Zero Waste Home will take you beyond the typical eco-friendly alternatives covered well in other publications. This book will encourage you to declutter and recycle less, not just for a better environment but also for a better you. It offers practical, tested solutions to live richer and healthier lives using the sustainable, waste-free resources available to us today, while following a simple system in order: refusing (what we do not need), reducing (what we do need), reusing (what we consume), recycling (what we cannot refuse, reduce, or reuse), and rotting (composting) the rest.

Over the last years, I’ve learned that everyone has a different take on our lifestyle. Some think that it is too extreme because we do not buy junk food, for example. Others say that it is not extreme enough because we buy toilet paper or eat meat once a week or occasionally fly. What matters to us is not what people think but how good we feel about what we do. It is not the preconceived restrictions but the infinite possibilities that we have discovered in Zero Waste that make it a subject worth elaborating. And I am excited at the prospect of sharing what we have learned to help others better their lives.

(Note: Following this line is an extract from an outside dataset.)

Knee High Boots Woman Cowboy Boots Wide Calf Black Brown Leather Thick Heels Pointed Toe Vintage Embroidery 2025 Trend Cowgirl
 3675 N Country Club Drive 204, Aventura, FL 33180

This is not a book about achieving absolute Zero Waste. Considering the manufacturing practices in place, it is evident that absolute Zero Waste is not possible today. Zero Waste is an idealistic goal, a carrot to get as close as possible. Not everyone who reads this book will be able to implement all that I mention or be able to go as far as reducing his/her yearly household waste output to the size of a quart jar, as my family has. Based on my blog readers’ feedback, geographic and demographic disparities come into play in determining how close to Zero Waste one can get. But how much waste one generates is not important. What matters is understanding the effect of our purchasing power on the environment and acting accordingly. Everyone can adopt the changes that are possible in their life. And any small change toward sustainability will have a positive effect on our planet and society.

I understand that given my viewpoint, many will call into question my decision to publish a printed book. But should valuable information be made available only to those who read electronic ones? At this point in time, a printed book is the best way for me to reach a maximum of readers. I believe it is my moral obligation to spread the word about Zero Waste as much as possible, to make every attempt to change our patterns of overconsumption, and to encourage companies to account for the products and choices that impact our health and use our finite resources. I’ve thought long and hard about this decision. And my cost-benefit analysis has led me to believe that inspiring one person to reduce their daily trash output is well worth the environmental cost of one book. I think it would be hypocritical for me not to print it, considering that I am an ardent patron of the library myself, and I would encourage you to donate the book to your library or pass it along to a friend when you no longer need it.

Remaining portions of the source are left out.